If you roll two fair 6-sided dice, what are the odds against rolling a sum of 7?
If you draw a card at random from a standard deck, what are the odds for drawing a $♡$ ?
If you draw 2 cards at random from a standard deck, what are the odds against them both being $♠$ ?

Solution

The sample space for this experiment is {1, 2, 3, 4, 5, 6}. Two of those outcomes are in the event “roll a five or higher,” while four are not. So, the odds for rolling a five or higher are $2 : 4 = 1 : 2$ .
In Example 7.18, we found the sample space for this experiment using the following table (Figure 7.34):

Figure 7.34

There are 6 outcomes in the event “roll a sum of 7,” and there are 30 outcomes not in the event. So, the odds against rolling a 7 are $30 : 6 = 5 : 1$ .
There are 13 $♡$ in a standard deck, and $52 - 13 = 39$ others. So, the odds in favor of drawing a $♡$ are $13 : 39 = 1 : 3$ .
There are $_{13} C_{2} = 78$ ways to draw 2 $♠$ , and $_{52} C_{2} - 78 = 1,248$ ways to draw 2 cards that are not both $♠$ . So, the odds against drawing 2 $♠$ are $1,248 : 78 = 16 : 1$ .

Your Turn 7.25

You roll a pair of 4-sided dice with faces labeled 1 through 4.

What are the odds for rolling a sum greater than 3?

What are the odds against both dice giving the same number?

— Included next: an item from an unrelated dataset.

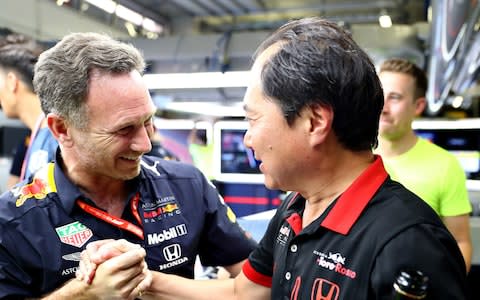 Red Bull Racing Team Principal Christian Horner and Toyoharu Tanabe of Honda celebrate the win of Max Verstappen of Netherlands and Red Bull Racing in the garage after the F1 Grand Prix of Austria at Red Bull Ring on June 30, 2019 in Spielberg, Austria - Credit: Getty Images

Odds as a Ratio of Probabilities

We can also think of odds as a ratio of probabilities. Consider again the instant-win game from the section opener, with 500,000 winning tickets out of 2,000,000 total tickets. If a player buys one ticket, the probability of winning is $\frac{500, 000}{2, 000, 000} = \frac{1}{4}$ , and the probability of losing is $1 - \frac{1}{4} = \frac{3}{4}$ . Notice that the ratio of the probability of winning to the probability of losing is $\frac{1}{4} : \frac{3}{4} = 1 : 3$ , which matches the odds in favor of winning.

FORMULA

For an event $E$ ,

\begin{matrix} odds for E & = & n (E) : n (E^{'}) = P (E) : P (E^{'}) = P (E) : (1 - P (E)) \\ odds against E & = & n (E^{'}) : n (E) = P (E^{'}) : P (E) = (1 - P (E)) : P (E) \end{matrix}

We can use these formulas to convert probabilities to odds, and vice versa.

Example 7.26

Converting Probabilities to Odds

Given the following probabilities of an event, find the corresponding odds for and odds against that event.

$P (E) = \frac{3}{5}$
$P (E) = 17 %$

Solution

Using the formula, we have:
$\begin{matrix} odds for E & = & P (E) : (1 - P (E)) \\ = & \frac{3}{5} : (1 - \frac{3}{5}) \\ = & \frac{3}{5} : \frac{2}{5} \\ = & 3 : 2. \end{matrix}$
(Note that in the last step, we simplified by multiplying both terms in the ratio by 5.)
Since the odds for $E$ are $3 : 2$ , the odds against $E$ must be $2 : 3$ .
Again, we’ll use the formula:
$\begin{matrix} odds for E & = & P (E) : (1 - P (E)) \\ = & 0.17 : (1 - 0.17) \\ = & 0.17 : 0.83 \\ \approx & 1 : 4.88. \end{matrix}$
(In the last step, we simplified by dividing both terms in the ratio by 0.17.)
It follows that the odds against $E$ are approximately $4.88 : 1$ .

Your Turn 7.26

If the probability of an event E is 80%, find the odds for and the odds against E.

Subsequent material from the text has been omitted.